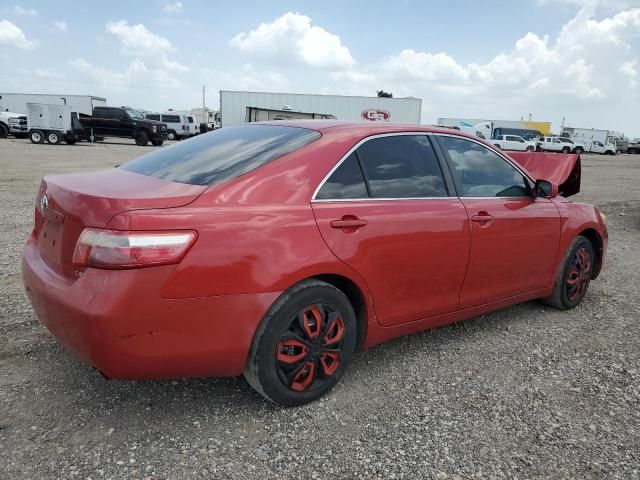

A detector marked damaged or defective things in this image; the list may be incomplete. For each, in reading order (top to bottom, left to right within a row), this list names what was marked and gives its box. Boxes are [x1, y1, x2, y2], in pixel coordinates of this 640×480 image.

dent on bumper [21, 234, 280, 380]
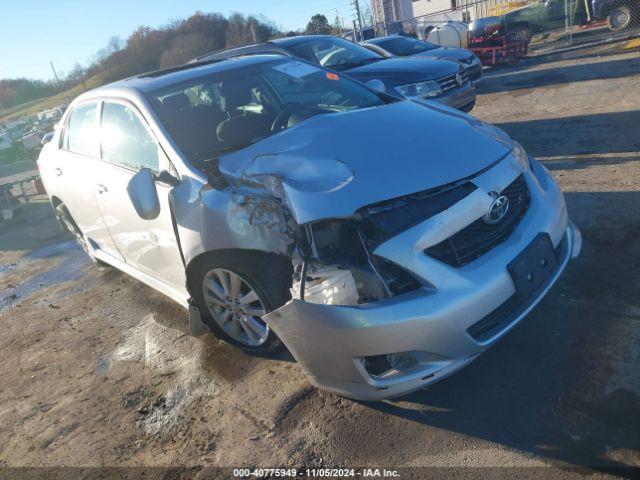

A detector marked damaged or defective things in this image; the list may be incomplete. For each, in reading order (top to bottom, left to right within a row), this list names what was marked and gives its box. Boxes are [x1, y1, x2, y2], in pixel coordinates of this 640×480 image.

shattered windshield [148, 57, 382, 163]
damaged silver sedan [37, 55, 584, 402]
crumpled hood [220, 101, 516, 225]
crushed front bumper [262, 158, 584, 402]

┄┄┄┄┄┄

* [Work to complete] Retype the data word for word and keep the pictures out of it.

* [Exercise response]
A detector marked damaged or defective things in this image; the list may be incomplete. For each, in reading order (top to bottom, left to right within a row), this list names what was marked and gives its box. Boxes are [x1, y1, x2, y2], in pixel coordinates of this 640×480 image.

dent on bumper [21, 234, 280, 380]

A detector marked damaged or defective things in this image; the list may be incomplete. For each, in reading order (top to bottom, left to right within a row), this list names what was marked and gives its box. Boxes are [x1, y1, x2, y2], in pixel coordinates of this 640×480 image.

shattered windshield [148, 57, 382, 163]
damaged silver sedan [37, 55, 584, 402]
crumpled hood [220, 101, 516, 225]
crushed front bumper [262, 158, 584, 402]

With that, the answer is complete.